Another example: I did some research on Deep Blue and Deep Thought, after reading Crazy Bird's book. With the old Google Groups, I could follow the discussion of the Deep Blue tournament, in chronological order. There was all sorts of interesting things like computer chess programmers speculating on how Deep Blue worked and people posting analysis of chess positions. All that is now gone or at least not searchable.
So sad that all of this knowledge has apparently disappeared. There was loads of information shared on Usenet and the storage space required to preserve it would be trivial.
I thought their mission statement was, "organise the world's information and make it accessible" or something like that. Didn't know there was an asterisk–but not Usenet…
Usenet is still very much alive. In fact, many of the spammers have left and now target other more popular resources. The text only groups are accessible for free from multiple servers. It's only the binary groups that you have to pay to get access.

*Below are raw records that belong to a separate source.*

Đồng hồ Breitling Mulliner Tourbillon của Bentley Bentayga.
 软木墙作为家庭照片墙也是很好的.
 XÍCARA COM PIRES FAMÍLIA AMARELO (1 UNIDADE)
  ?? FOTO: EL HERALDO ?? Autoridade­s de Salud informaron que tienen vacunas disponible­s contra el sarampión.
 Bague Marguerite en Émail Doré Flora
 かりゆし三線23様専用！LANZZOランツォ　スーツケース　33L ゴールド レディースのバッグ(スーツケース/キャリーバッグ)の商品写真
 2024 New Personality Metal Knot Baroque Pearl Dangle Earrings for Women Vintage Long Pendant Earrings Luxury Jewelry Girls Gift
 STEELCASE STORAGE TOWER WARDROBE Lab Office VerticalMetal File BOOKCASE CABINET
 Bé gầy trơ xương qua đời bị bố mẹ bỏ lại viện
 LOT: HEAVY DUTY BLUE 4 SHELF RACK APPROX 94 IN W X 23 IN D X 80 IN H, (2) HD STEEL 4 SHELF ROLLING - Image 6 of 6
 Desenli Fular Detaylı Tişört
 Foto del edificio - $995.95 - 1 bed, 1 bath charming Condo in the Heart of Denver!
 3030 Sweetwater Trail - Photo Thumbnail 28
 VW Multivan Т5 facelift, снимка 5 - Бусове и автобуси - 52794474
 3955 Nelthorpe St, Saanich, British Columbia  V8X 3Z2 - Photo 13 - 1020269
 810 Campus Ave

The problem is that they completely botched the user experience a decade ago and since it's yet another orphaned product it's never been improved.
How it should work following a “build your first web app” tutorial:
1. User opens page
2. You detect an old login cookie and discretely ask if they want to login
3. If they do so, you see the previous page with more UI (e.g. subscribe, reply, etc.)
How it works now:
1. Users opens page
2. Instead of looking at the content they wanted to see, the user is automatically redirected over to a login page with a mandatory full two-factor check even if you've recently logged in to other Google properties
3. After completing that process, you're dumped on the groups.google.com homepage
4. Since there were a bunch of redirects, you have to know how to use your browser's history to go back 3-4 pages because simply hitting back will just redirect you to the homepage again.
Many people said that if your processor support PCID, the performance will not be reduced a lot by the new patches. However, after installing new updates for windows and for my very new CPU 7600U everything becomes extremely slow. My laptop is now literally unusable. Even the simplest tasks are very slow. Before this update I was able to watch youtube videos in 4K, now I'm struggling even to watch 480p... I will never buy Intel processors again. In the last few months I only hear lies from Intel regarding Meltdown, Management Engine and other "holes" in their products. Now I can throw my super expensive laptop in garbage. Thank you Intel.